The combo of Nielsen’s video ad technology with Roku’s platform and broad reach — it tallied 51.2 million active accounts at the end of 2020will let Roku deliver the benefits of streaming advertising to traditional TV networks, said Louqman Parampath, the company’s VP of product management for advertising.

“Roku will bring the promise of DAI to the market for the first time ever at scale,” Parampath said.

Nielsen’s Advanced Video Advertising group had struck deals for addressable advertising tests with TV programmers including Disney, CBS, Discovery, Fox, NBCUniversal, WarnerMedia, A+E Networks and AMC Networks. After the deal closes, Parampath said, Roku plans to have “renewed conversations” with those media partners as well as other smart TV makers about working with Roku to enable addressable ads.

In addition, Roku’s base of smart TVs and other devices will be pulled into the Nielsen One proposed cross-media currency spanning streaming and traditional TV, augmenting the company’s existing deals for data from DirecTV, Dish and Vizio smart TVs. All told, Nielsen One will draw on nearly 100 million devices with the addition of Roku. Nielsen’s Brown commented, “As Roku brings the power of dynamic ad insertion to all forms of TV, we’re excited to help monetize the addressable market by measuring smart TV as a currency.”

Under the companies’ long-term commercial agreement, Roku will implement support for Nielsen Total Ad Ratings (TAR) measurement on its platform. Specifically, Roku’s OneView media sales and ad-buying platform will natively integrate Nielsen Digital Ad Ratings (DAR) for advertisers. Roku also will let content partners add support for Nielsen Digital Content Ratings (DCR). Roku launched OneView after acquiring demand-side platform provider Dataxu in October 2019.

When the deal closes, Roku will bring on the approximately 100 Nielsen AVA employees — including GM Kelly Abcarian — and assume ownership of Nielsen’s portfolio of ACR and DAI patents. Roku TV models already include support for Nielsen ACR and will add digital-ad insertion capabilities in “the near future,” the company said.

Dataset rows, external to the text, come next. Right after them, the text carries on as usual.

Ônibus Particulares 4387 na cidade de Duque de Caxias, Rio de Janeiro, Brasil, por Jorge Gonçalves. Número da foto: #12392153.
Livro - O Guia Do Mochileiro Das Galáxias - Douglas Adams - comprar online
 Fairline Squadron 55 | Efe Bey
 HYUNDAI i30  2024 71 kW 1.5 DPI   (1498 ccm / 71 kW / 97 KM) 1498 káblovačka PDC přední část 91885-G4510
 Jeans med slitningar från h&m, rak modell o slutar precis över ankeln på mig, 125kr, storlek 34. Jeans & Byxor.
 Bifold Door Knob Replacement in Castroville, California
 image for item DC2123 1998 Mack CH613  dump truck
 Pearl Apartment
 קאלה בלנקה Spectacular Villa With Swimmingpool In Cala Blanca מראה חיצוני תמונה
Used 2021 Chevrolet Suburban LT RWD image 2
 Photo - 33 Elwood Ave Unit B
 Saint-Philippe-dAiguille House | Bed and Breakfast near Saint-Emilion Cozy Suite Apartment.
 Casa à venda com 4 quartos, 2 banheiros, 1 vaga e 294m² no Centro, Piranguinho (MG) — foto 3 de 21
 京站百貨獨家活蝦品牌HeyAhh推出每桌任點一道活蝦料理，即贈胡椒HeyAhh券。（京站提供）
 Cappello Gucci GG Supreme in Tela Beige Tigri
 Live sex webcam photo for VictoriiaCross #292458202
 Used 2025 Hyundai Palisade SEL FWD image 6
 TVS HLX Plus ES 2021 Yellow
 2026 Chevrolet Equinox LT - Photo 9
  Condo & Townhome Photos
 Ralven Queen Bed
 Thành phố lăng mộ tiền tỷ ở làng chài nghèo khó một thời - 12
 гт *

U.S. spending on addressable TV advertising — still just a fraction of the total TV ad market — is expected to reach $3.6 billion by 2022, up 75% from August 2020, according to recent estimates by research firm eMarketer. And through the deal with Nielsen, Roku is angling to get a bigger piece of that pie.

Nielsen formed the Advanced Video Advertising group in February 2019, after acquiring addressable TV technology company Sorenson Media for $11.25 million in a bankruptcy-court proceeding. Nielsen obtained the ACR tech through its 2017 acquisition of metadata provider Gracenote, and acquired Qterics, a smart TV software and privacy management vendor.

Nielsen’s deal to sell AVA comes after the company in November 2020 sold the Nielsen Global Connect retail-sales measurement business (now called NielsenIQ) to private-equity firm Advent International for $2.7 billion.

Variety's Todd Spangler contributed to this post.